## Task goal
Print exactly the lines from the one containing "Dorado 2021 Korean" through the last line of the entries below; the pictures stay out of the copy.

+++ Supplied information

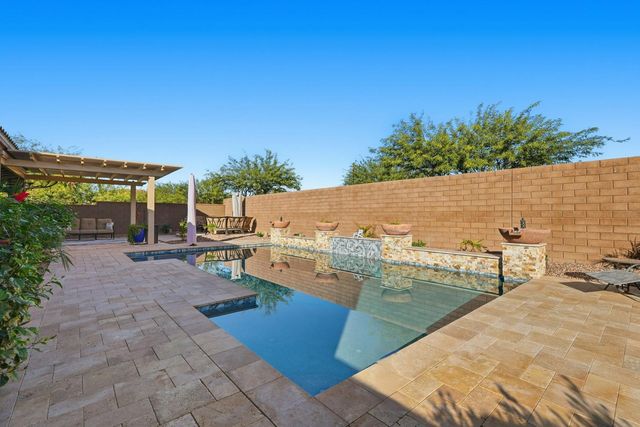 10702 E Lumiere Avenue, Mesa, AZ 85212
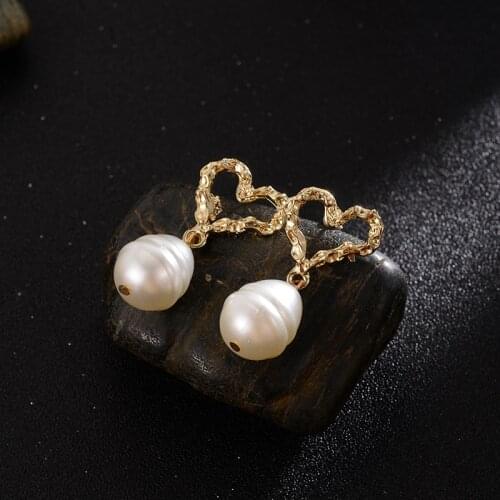 Dorado 2021 Korean Trendy Vintage Baroque Pearl Big Love Heart Gold Color Metal Drop Earrings For Women Romantic Pearl Jewelry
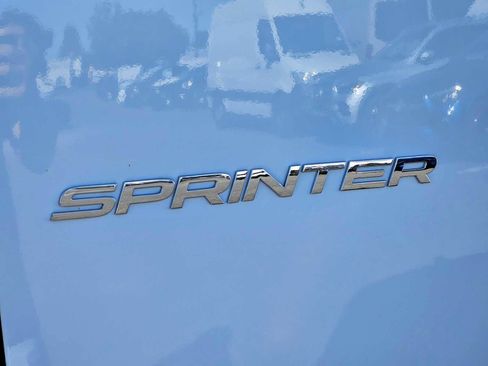 Used 2025 Mercedes-Benz Sprinter 2500 image 16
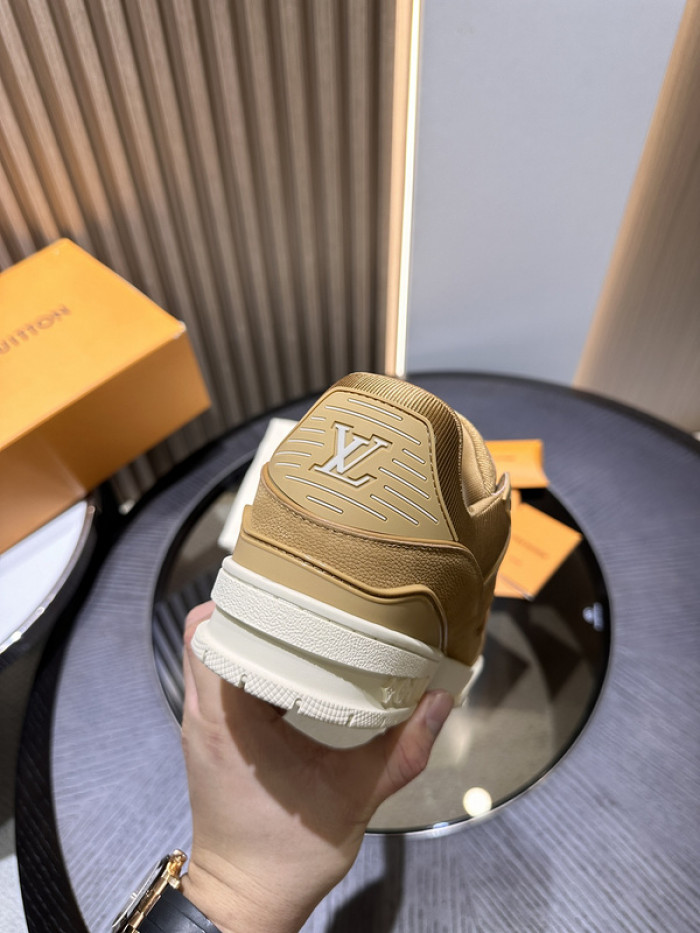 LV TRAINER SNEAKER LV-000565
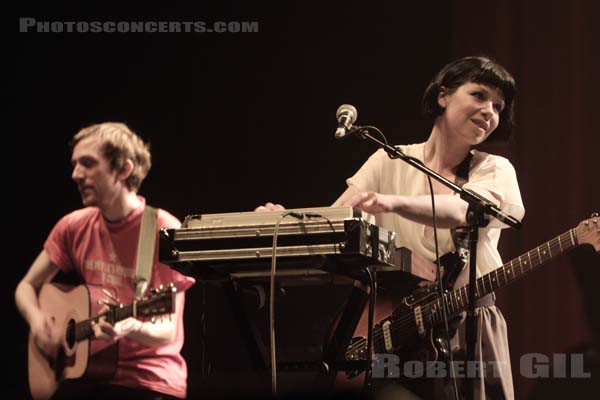ZOEY VAN GOEY - 2011-04-11 - PARIS - Grand Rex - 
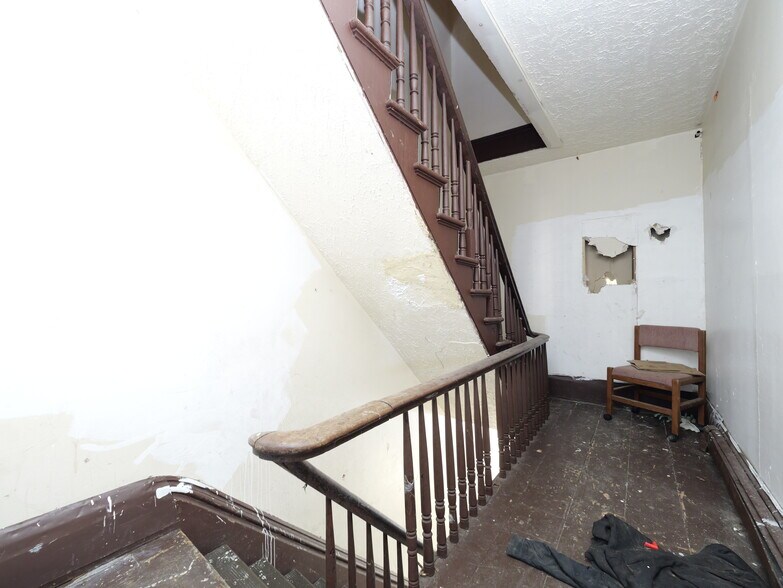 More Photos Of 170 Chambers St, Newburgh Apartments For Sale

++++++

## Task solution
 Dorado 2021 Korean Trendy Vintage Baroque Pearl Big Love Heart Gold Color Metal Drop Earrings For Women Romantic Pearl Jewelry
 Used 2025 Mercedes-Benz Sprinter 2500 image 16
 LV TRAINER SNEAKER LV-000565
ZOEY VAN GOEY - 2011-04-11 - PARIS - Grand Rex - 
 More Photos Of 170 Chambers St, Newburgh Apartments For Sale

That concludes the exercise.